Scrollbars are necessary when a page's content overflows the frame but if you are in control of your design efforts, you should try to keep visible scrollbars to the absolute minimum. Apart from cluttering the look of the screen, they nibble away at that most precious commodity - screen real estate. If you switch-off scrollbars, you are effectively fixing the frame size and anything inside it that doesn't fit will be clipped. Just remember that text changes in size from one user's machine to another depending on their platform, browser and personal preferences. Graphic images are always a predictable, absolute pixel size. If you put only graphics in frames, there is little chance of accidental overflow. If you put text in a frame, you can, at least, restrict its width using a table - so you only get a vertical scrollbar.

Frames offer several advantages to designers.

The basic concept allows some frames to remain static whilst others change. You might, for instance, want a common top 'banner' frame and a side navigational frame on every page and only one 'content' frame which changes. Providing that you get your 'frameset' right to start with, this is good from the user's point of view as it simplifies navigation and usability.

Using frames also has the major advantage of allowing you to pass JavaScript variables from one page to another. The only other way to do this is to use cookies, but the general paranoia about infringement of privacy means that many people switch off the acceptance of cookies leaving your efforts high and dry.

For most purposes, it is only necessary to have two or three frames. Each individual frame requires a separate HTML file and these are all choreographed and stage-managed by a master page called the 'frameset'. The 'frameset' specifies the position and size of the frames and the names and locations of the HTML files that will initially occupy those frames.

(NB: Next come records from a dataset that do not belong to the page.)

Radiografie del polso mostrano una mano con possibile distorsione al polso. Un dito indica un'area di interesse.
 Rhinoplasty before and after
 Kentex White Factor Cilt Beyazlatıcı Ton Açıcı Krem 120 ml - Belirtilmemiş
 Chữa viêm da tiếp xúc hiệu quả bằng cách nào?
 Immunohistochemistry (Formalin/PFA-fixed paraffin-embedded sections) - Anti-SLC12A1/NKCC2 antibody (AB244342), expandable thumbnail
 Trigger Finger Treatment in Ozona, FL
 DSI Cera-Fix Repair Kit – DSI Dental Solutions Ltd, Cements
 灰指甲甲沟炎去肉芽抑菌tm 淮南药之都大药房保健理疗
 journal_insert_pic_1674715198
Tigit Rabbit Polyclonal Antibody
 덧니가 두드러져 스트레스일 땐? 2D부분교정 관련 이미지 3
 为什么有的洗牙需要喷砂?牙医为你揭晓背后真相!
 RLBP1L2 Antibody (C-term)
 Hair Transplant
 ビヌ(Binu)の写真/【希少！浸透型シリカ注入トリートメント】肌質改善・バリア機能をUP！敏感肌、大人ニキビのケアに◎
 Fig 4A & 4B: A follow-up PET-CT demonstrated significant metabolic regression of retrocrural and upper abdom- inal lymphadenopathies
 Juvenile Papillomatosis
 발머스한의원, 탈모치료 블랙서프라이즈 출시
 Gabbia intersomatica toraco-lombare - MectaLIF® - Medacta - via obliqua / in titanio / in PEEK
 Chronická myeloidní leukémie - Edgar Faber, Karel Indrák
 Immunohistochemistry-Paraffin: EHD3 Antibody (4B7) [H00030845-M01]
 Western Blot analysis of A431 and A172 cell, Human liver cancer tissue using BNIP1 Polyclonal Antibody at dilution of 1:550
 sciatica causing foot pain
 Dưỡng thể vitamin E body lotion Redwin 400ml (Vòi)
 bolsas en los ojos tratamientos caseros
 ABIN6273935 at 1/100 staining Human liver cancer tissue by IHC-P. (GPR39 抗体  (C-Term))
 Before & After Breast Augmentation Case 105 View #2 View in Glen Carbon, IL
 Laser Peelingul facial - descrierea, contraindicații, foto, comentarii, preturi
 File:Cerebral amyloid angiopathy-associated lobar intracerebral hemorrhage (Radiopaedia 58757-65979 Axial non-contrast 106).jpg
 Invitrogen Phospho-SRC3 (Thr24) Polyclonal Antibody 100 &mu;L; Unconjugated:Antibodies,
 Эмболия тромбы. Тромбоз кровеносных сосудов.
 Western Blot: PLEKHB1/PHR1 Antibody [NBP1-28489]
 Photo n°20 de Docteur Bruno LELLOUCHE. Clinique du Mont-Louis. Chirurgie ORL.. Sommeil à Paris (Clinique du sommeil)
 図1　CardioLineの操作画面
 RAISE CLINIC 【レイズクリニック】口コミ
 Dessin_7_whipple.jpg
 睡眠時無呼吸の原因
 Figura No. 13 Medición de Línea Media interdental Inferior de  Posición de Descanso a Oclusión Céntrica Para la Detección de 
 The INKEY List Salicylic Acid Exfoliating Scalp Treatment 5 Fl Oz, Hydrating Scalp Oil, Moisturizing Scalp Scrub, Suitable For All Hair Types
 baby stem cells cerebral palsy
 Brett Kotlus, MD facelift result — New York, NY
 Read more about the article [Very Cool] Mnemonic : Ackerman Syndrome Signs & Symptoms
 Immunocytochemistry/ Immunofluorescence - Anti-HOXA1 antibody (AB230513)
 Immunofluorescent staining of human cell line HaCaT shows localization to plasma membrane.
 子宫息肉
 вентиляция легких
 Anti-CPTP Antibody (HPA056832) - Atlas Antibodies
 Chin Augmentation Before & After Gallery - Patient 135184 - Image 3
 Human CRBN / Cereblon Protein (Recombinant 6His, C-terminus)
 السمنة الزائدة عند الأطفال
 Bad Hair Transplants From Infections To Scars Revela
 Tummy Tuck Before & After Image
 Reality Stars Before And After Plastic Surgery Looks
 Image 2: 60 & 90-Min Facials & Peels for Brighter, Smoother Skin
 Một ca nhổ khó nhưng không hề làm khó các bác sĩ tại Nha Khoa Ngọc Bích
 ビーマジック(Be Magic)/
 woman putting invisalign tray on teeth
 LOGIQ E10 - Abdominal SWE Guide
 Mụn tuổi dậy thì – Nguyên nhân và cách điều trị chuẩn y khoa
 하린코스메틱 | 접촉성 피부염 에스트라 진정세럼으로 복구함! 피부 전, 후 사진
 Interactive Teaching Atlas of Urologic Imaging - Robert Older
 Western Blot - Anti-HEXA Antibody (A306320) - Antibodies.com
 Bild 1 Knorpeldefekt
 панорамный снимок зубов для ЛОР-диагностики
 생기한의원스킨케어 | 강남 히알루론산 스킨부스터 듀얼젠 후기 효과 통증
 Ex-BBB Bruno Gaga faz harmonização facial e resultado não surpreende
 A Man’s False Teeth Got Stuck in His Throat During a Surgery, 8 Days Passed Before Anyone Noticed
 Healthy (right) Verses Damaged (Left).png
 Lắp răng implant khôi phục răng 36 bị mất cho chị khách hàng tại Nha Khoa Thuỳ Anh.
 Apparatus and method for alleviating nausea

It can also specify what happens when the browser doesn't support frames by using the <noframes> tag.
Here is a summary of the advantages and disadvantages of frames.

Frames Advantages

Allows you to separate constant navigational and identity elements from the variable content.

Navigation and constant element don't scroll with the main page.

Having to update only part of the browser window means less data to transfer, making better use of bandwidth.

Readers can print the content page without getting the navigational elements.

You can store JavaScript functions in a constant frame and call them from other frames - again saving bandwidth.

Lets you pass JavaScript variables from one page to another which, is difficult to do without using cookies on non-framed sites.

Done properly, looks more professional.
Frames Disadvantages

Some older browsers can't handle frames. Traditionally, sites with frames have also provided a <noframes> version, although this is not quite so important nowadays as the vast majority can.

Providing an alternative <noframes> version of a site takes extra time and effort costing more both initially, and for upkeep.

You can only bookmark the main frameset page, not individual frames.

Search engines won't index your framed pages.

The browser's Back and Forward buttons can get out of sync if more than one frame is updated, which can cause confusion.

It takes considerably more skill to create a famed site, especially where JavaScript is concerned.

Web browsers handle frames differently so the individual frames will be in slightly different sizes and positions.